DND/CF > Army > Units
Sort by City
Edmonton, Alberta


http://www.army.forces.gc.ca/land-terre/units-unites/index-eng.asp?action=City&id=1


----------



## desert_rat (31 Oct 2010)

41 CBG Recruiting (for any Edmonton based Army Reserve) ph. 780-973-4011 x5288


----------



## Gelert (19 Jul 2014)

Good afternoon.

I am looking to join the Royal Eddies as an infantry soldier.  I have a few questions all of which I am sure a recruitment officer here will be able to answer rather quickly. the first two I suppose are pretty standard the third one is a little more complicated I imagine.


1:  Are you able to confirm that the Royal Eddies are currently recruiting infantry soldiers?[/list]
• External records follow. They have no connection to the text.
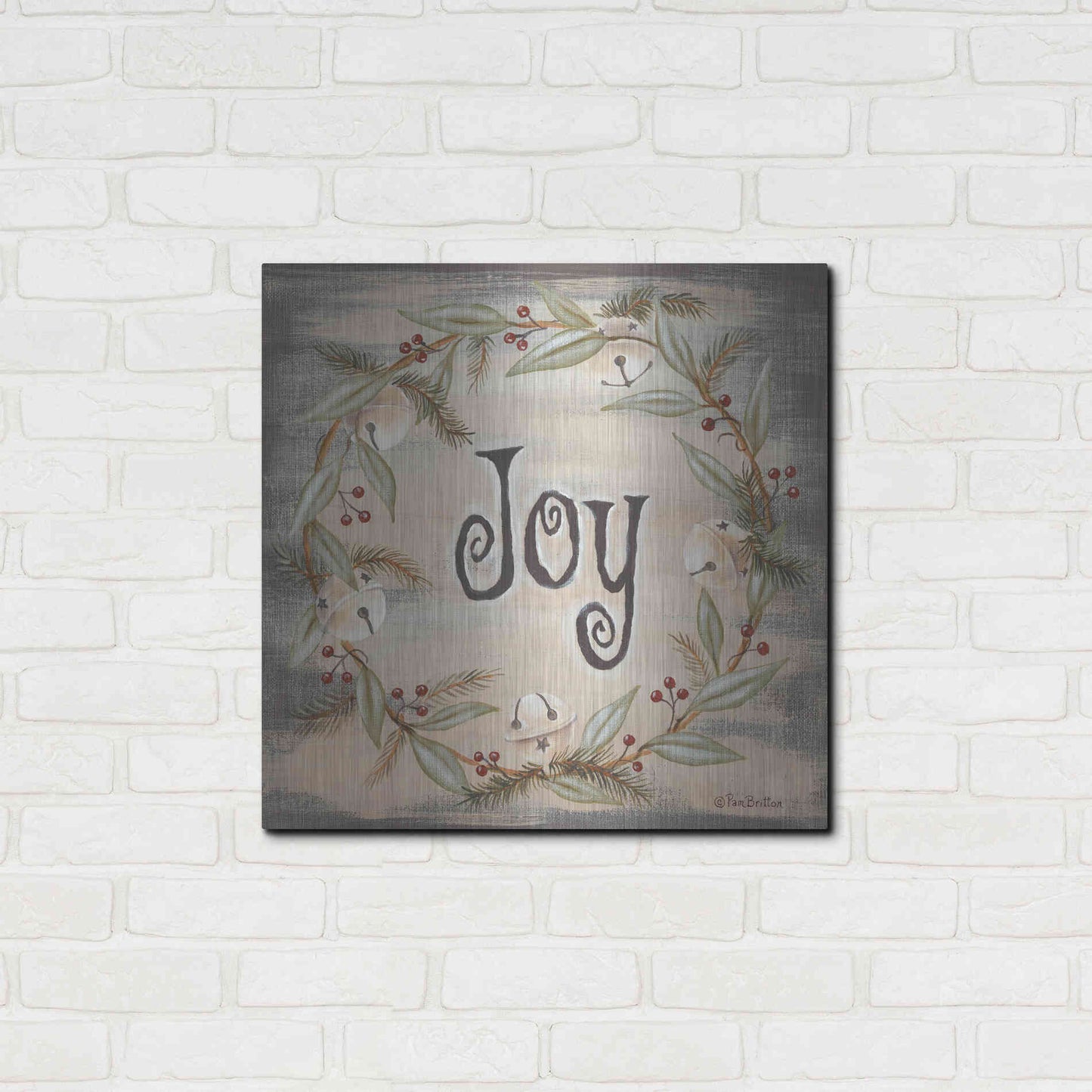 Luxe Metal Art 'Jingle Joy Wreath' by Pam Britton, Metal Wall Art,24x24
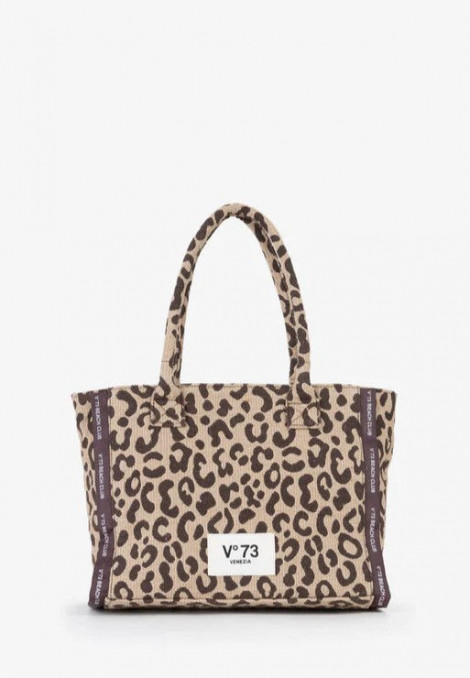 V73 Bolso shopping Ilene beige print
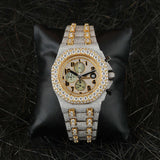 Moissanite Dual Tone Luxury Iced Out Men's Watch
2:  As someone looking to apply for the reserves, how does training work in respect to my current full-time employment? Are you required to go away for 14 weeks all in one go, or as a reservist with a full time job do they do it in sections? Also, once the 14 weeks are up is this when you return to your selected battalion; in my case the Royal Eddies? If you do have to do the 14 weeks training in QC in one shot like everyone else are employers obligated to let you go without you losing your job?

3: Now, i suppose this is where it gets dicey for me. My family, on my mothers side has a long history of depression. I have low depression, bot even mild (quoted from my doctor) I do and unfortunately take a low antidepressant for it. I have never had suicidal thoughts, thoughts on hurting others, and my doctor himself when i told him I would love to apply for the reserves told me that he did not believe that mentally, in terms of depression am not a problem in his opinion. However, he is not a military doctor and obviously doesn't make the rules. CAN someone like me, apply and me accepted, or am i automatically going to be rejected due to this?

I thank you for your time, and appreciate your help on these questions.

respectfully

Richard


----------



## Ludoc (19 Jul 2014)

Do you mean the Loyal Eddies?

1. Reserve units do their own recruiting you will need to talk to them directly.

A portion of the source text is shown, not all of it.